# [Prompt]
The copy you return must begin at the line containing "book cover of" and end at the final line of the listing below, with every picture left out.
(Exercise data Opens)
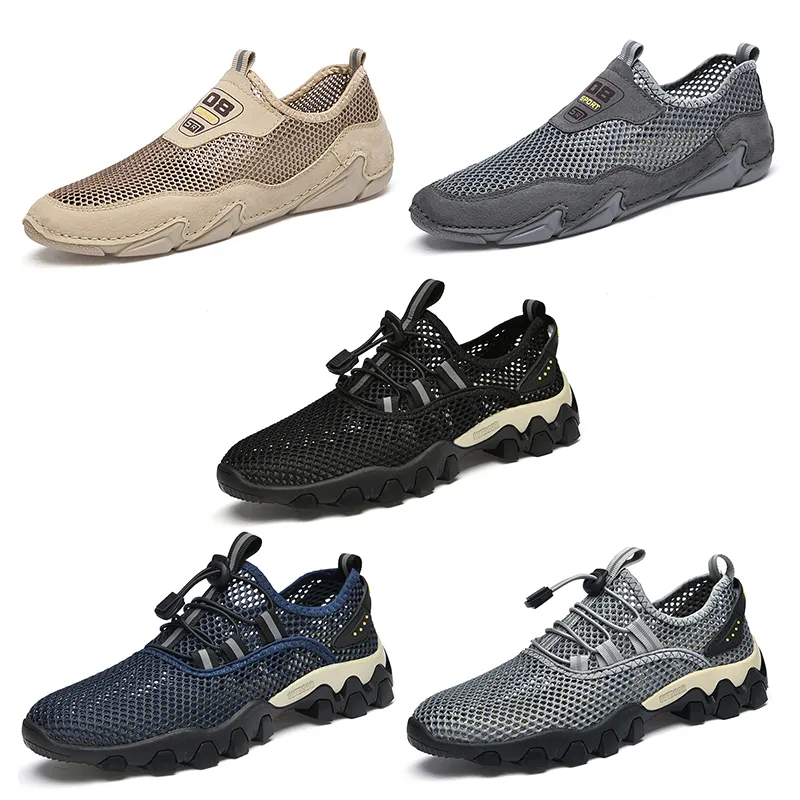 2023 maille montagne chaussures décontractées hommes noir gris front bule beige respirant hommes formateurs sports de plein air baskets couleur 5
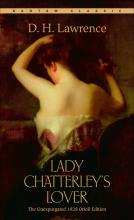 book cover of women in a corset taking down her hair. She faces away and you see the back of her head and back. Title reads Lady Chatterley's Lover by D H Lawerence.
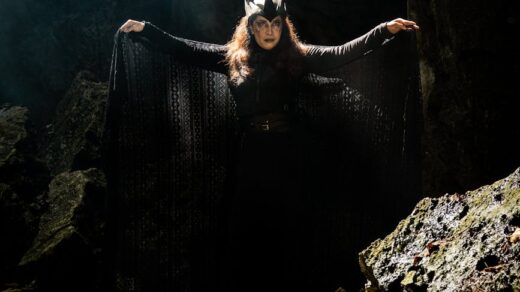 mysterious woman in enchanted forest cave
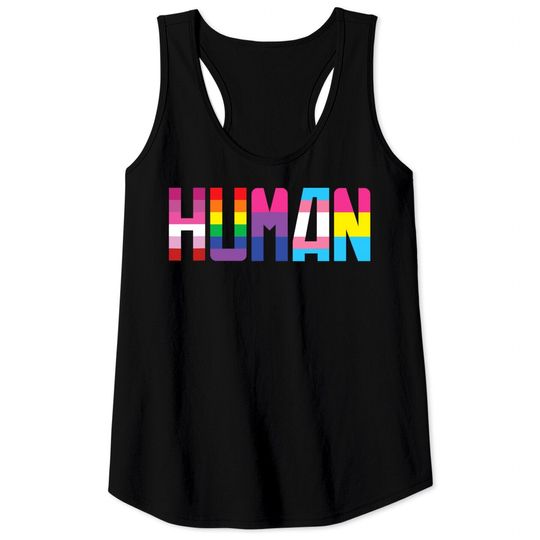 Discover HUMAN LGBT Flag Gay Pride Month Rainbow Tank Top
(Exercise data Closes)
# [Task response]
 book cover of women in a corset taking down her hair. She faces away and you see the back of her head and back. Title reads Lady Chatterley's Lover by D H Lawerence.
 mysterious woman in enchanted forest cave
 Discover HUMAN LGBT Flag Gay Pride Month Rainbow Tank Top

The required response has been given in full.